L'auberge des orphelins

jeudi 19 octobre 2017

La tempe saigna

«Ici, en 1945, il s'est donc trouvé 2 hommes face à face et l'un a tiré sur l'autre», m'écrivez-vous, Marie, après cette promenade où vous découvrez par une plaque posée sur le sol ce qui s'est passé en 1945. L'un avait le choix de ne pas tirer, et ne l'a pas fait. La question du meurtre reste posée, même dans le contexte d'une guerre qui s'achève. Jean Genet au travers de l'ensemble de son oeuvre interroge le crime et sa capacité à transformer celui qui le commet afin d'être projeté dans la pire condition qui soit pour la société, celle de l'homicide volontaire. Le contexte de la guerre est censé absoudre l'assassin dont il ne viendrait même pas à l'idée d'affubler ce terme à celui qui tue au nom de la société. L'assassin, le bourreau.



Dans la sublimation du meurtre commis par Maurice Pilorge, que Jean Genet a peut-être croisé en prison, et auquel il dédie le poème  du Condamné à mort, mais n'a connu réellement que par les articles que la presse écrit, dans la délectation sociale du fait divers, Jean Genet insiste sur la gratuité du crime commis par Maurice Pilorge de son amant Escudero avec lequel il cambriolait des villas sur la Côte d'Azur. La mort que vient sanctionner la société sur la personne de Maurice Pilorge, mort voulue, revendiquée, apparaît alors comme la conséquence logique du refus de toute compromission avec le monde, avec «votre monde», écrivait Jean Genet.

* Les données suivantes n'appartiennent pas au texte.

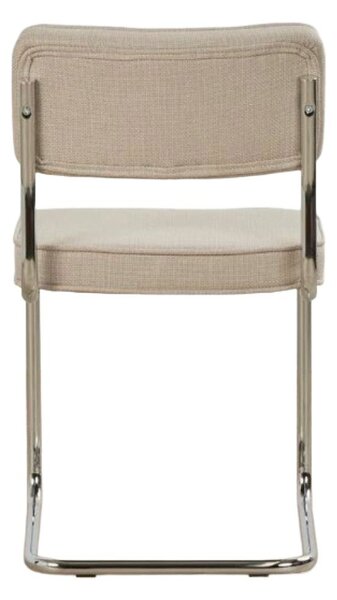Béžová čalouněná houpací jídelní židle Rupert – Unique Furniture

Dans Journal du voleur, à la page 223 de l'édition de 1949, la réflexion de Jean Genet aborde la notion de sainteté, la place que prend le héros dont il souligne la posture équivoque. Il imagine la lutte de deux soldats, amis ou amants, dont la relation ne peut que se dissoudre dans la mort et dans la nature qui la sublime en floraison :


«La tempe saigna. Deux soldats venant de se battre pour une raison qu'ils avaient depuis longtemps oubliée, le plus jeune tomba, la tempe éclatée sous le poing de fer de l'autre qui regarda le sang couler, devenir une touffe de primevères. Rapidement, cette floraison se répandit. Elle gagna le visage qui fut bientôt recouvert de milliers de ces fleurs serrées violettes et douces comme le vin que vomissent les soldats. Enfin, tout le corps du jeune homme écroulé dans la poussière, ne fut qu'un tertre dont les primevères grandirent assez pour être des marguerites où passait le vent. Seul un bras resta visible et s'agita, mais le vent bougeait toutes ces herbes. Le vainqueur bientôt ne vit plus qu'une main disant le maladroit signe de l'adieu et de l'amitié désespérée. A son tour, cette main disparut, prise dans le terreau fleuri. Le vent cessa lentement, avec regret. Le ciel s'obscurcit qui éclairait d'abord l'œil du jeune soldat brutal et meurtrier. Il ne pleura pas. Il s'assit sur ce tertre qu'était devenu son ami. Le vent bougea un peu, mais un peu moins. Le soldat fit le geste de chasser les cheveux de ses yeux et il se reposa. Il s'endormit.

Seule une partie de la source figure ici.